Privatization of Manila markets defended

MANILA, Philippines – A Manila councilor yesterday defended the city government’s joint venture with a private company for the privatization and rehabilitation of public markets in the city.

Councilor Jocelyn Quintos, who chairs the city council’s committee on livelihood, asked Councilor Ali Atienza and Rep. Amado Bagatsing to stop politicizing the programs of Mayor Joseph Estrada to rehabilitate the city’s markets.

The local government will ensure that the vendors will be able to return to their stalls, Quintos said.

Quintos noted that the city government earns P1.3 million yearly from the operations of the Sampaloc market but incurs an expenditure of around P1.5 million, or a net loss of P200,000 annually.
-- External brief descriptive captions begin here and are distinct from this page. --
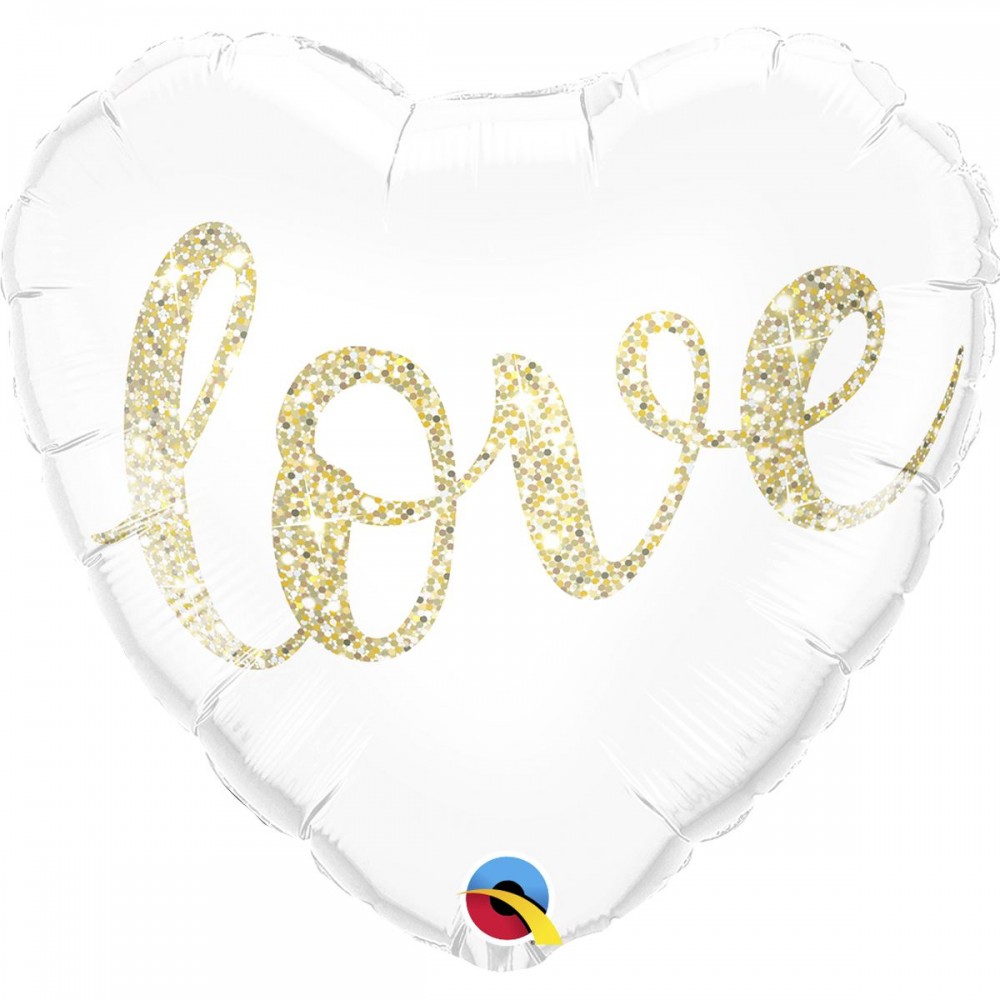  Сердце "Love" глиттер золото 18"
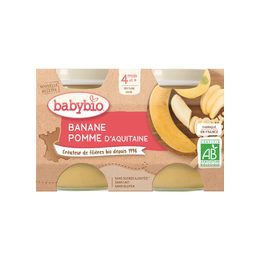 BABYBIO banán jablko 2x130 g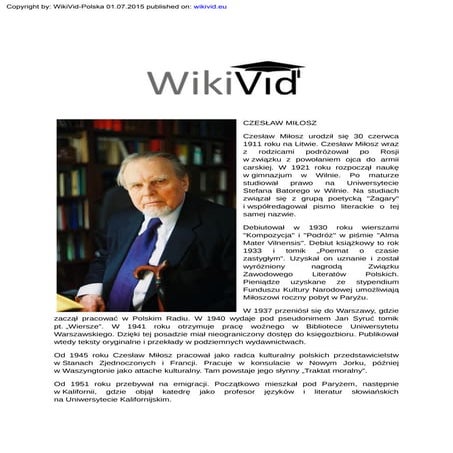 Czeslaw Milosz - biografia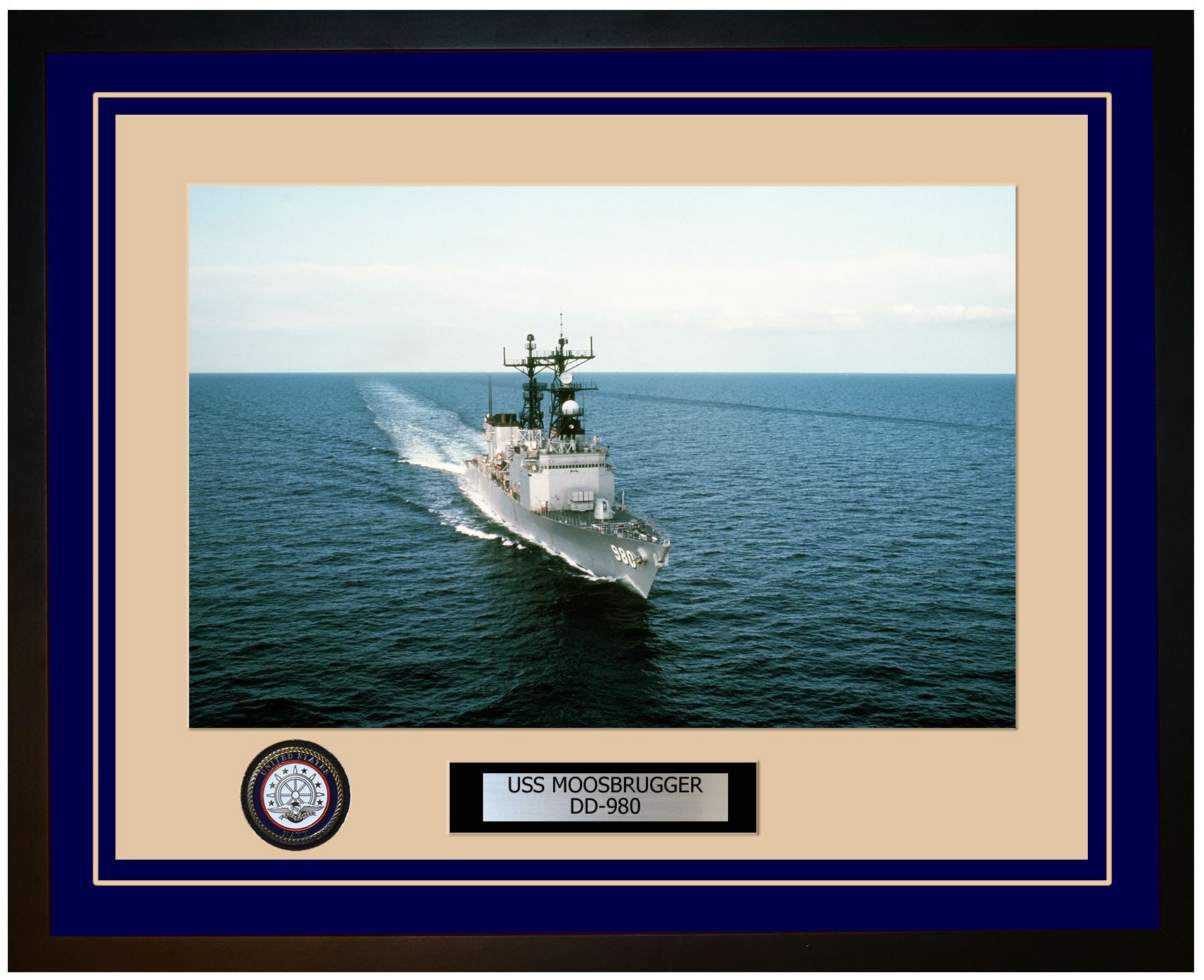 USS MOOSBRUGGER DD-980 Framed Navy Ship Photo Blue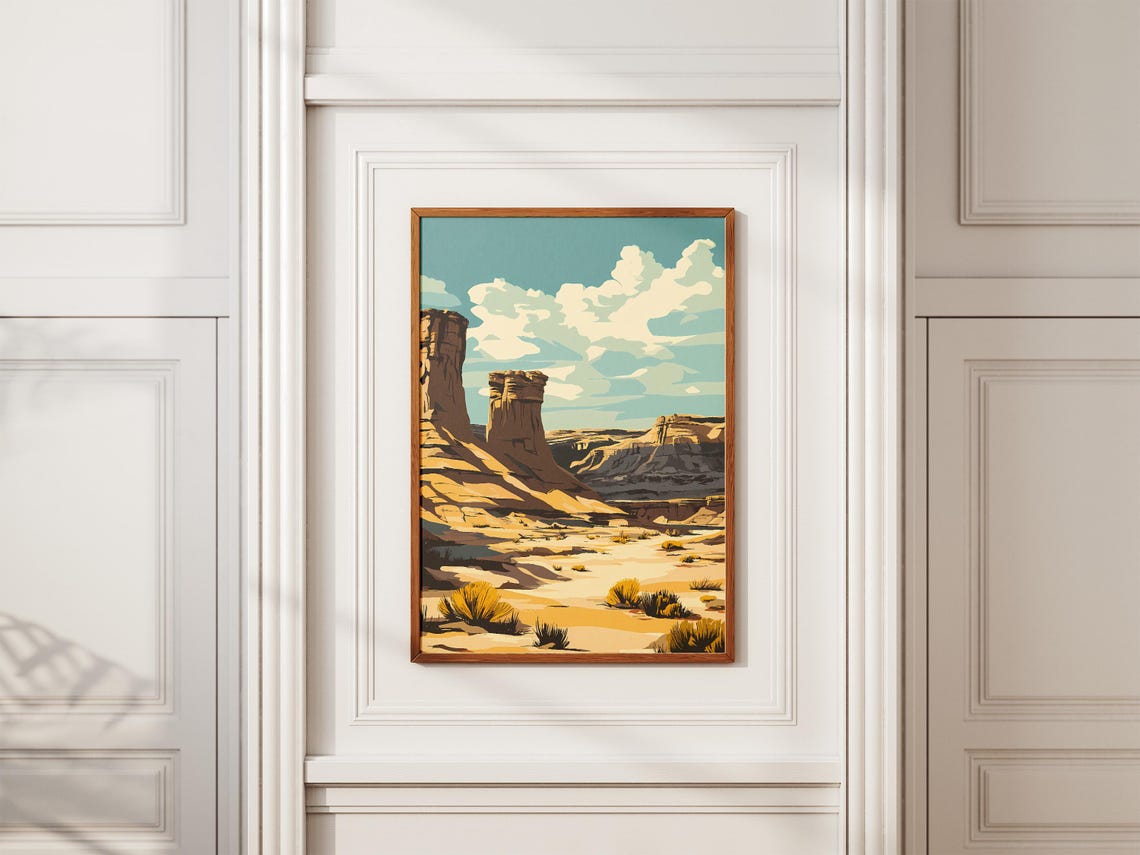 Argentina Ischigualasto Talampaya Natural Parks Poster South America Desert Landscape Print Travel Art National Park Illustration Vintage - Image 2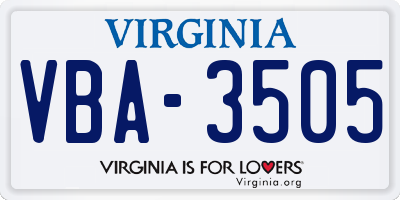 VA license plate VBA3505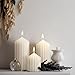 Conelist Set of 3 White Ribbed Pillar Candles Soy Wax Scented Ribbed Candles Includes 2.8, 4.2 and 5.1 Inches Heights Decorative Romantic Wedding Decoration for Couple Home Birthday Gift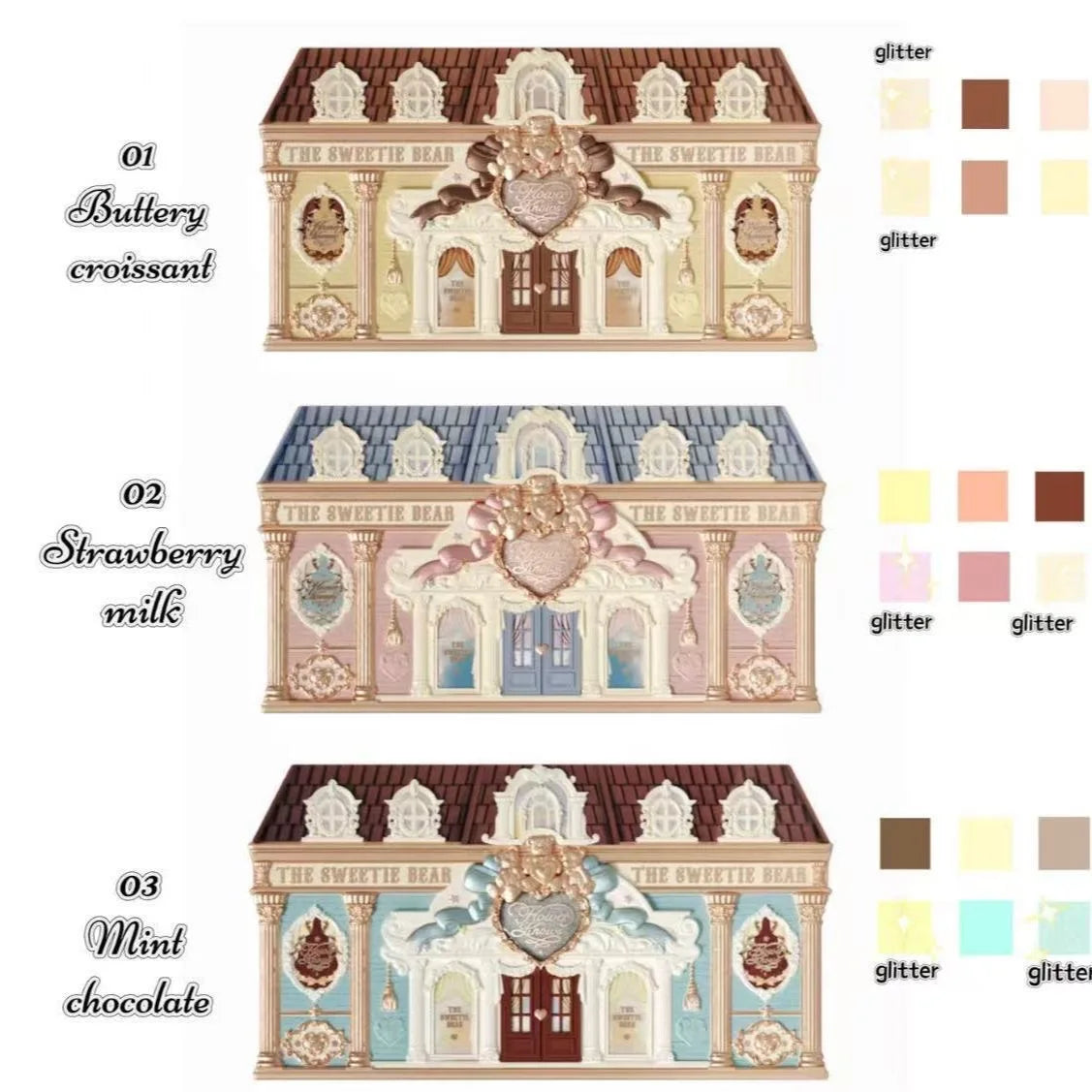 Flower Knows SWEETIE BEAR COLLECTION 6-Color Eye Shadow Palette Makeup Long Lasting Matte Shimmer Finish Eyeshadow Powder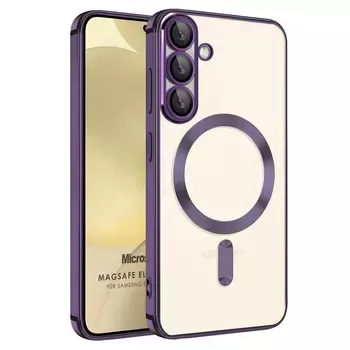 Microsonic Samsung Galaxy S25 Plus Kılıf MagSafe Luxury Electroplate Mor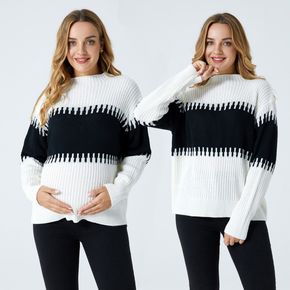 Maternity Black and White Two-Tone Half Turtleneck Long-sleeve Sweater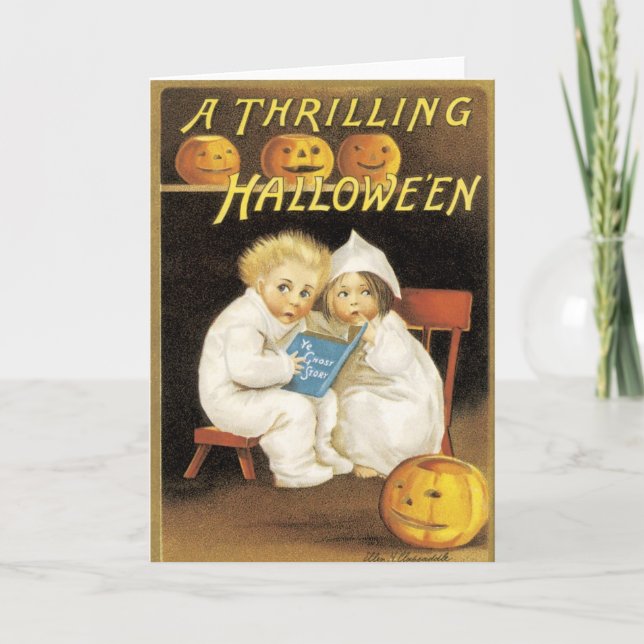 Old Fashioned Halloween Ghost Story Kids Card (Front)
“We need to make public markets all over the city competitive with supermarkets,” she said.

Quintos said that under the joint venture, the vendors will be allowed to return to their former stalls and pay daily rental of P40 in the next two years.

Bagatsing earlier announced that he is running for mayor in 2016, with Atienza as his vice mayor.

Councilor Joel Chua, chairman of the committee on markets, hawkers and slaughterhouse, assured the vendors that they will not lose their livelihood.

Under the agreement with XRC Inc., the city government will not spend a single centavo for the rehabilitation of public markets, according to Chua.

He said the Sampaloc market will be equipped with closed-circuit television cameras and other facilities.

The rehabilitation of the Sampaloc public market is part of Estrada’s urban renewal program.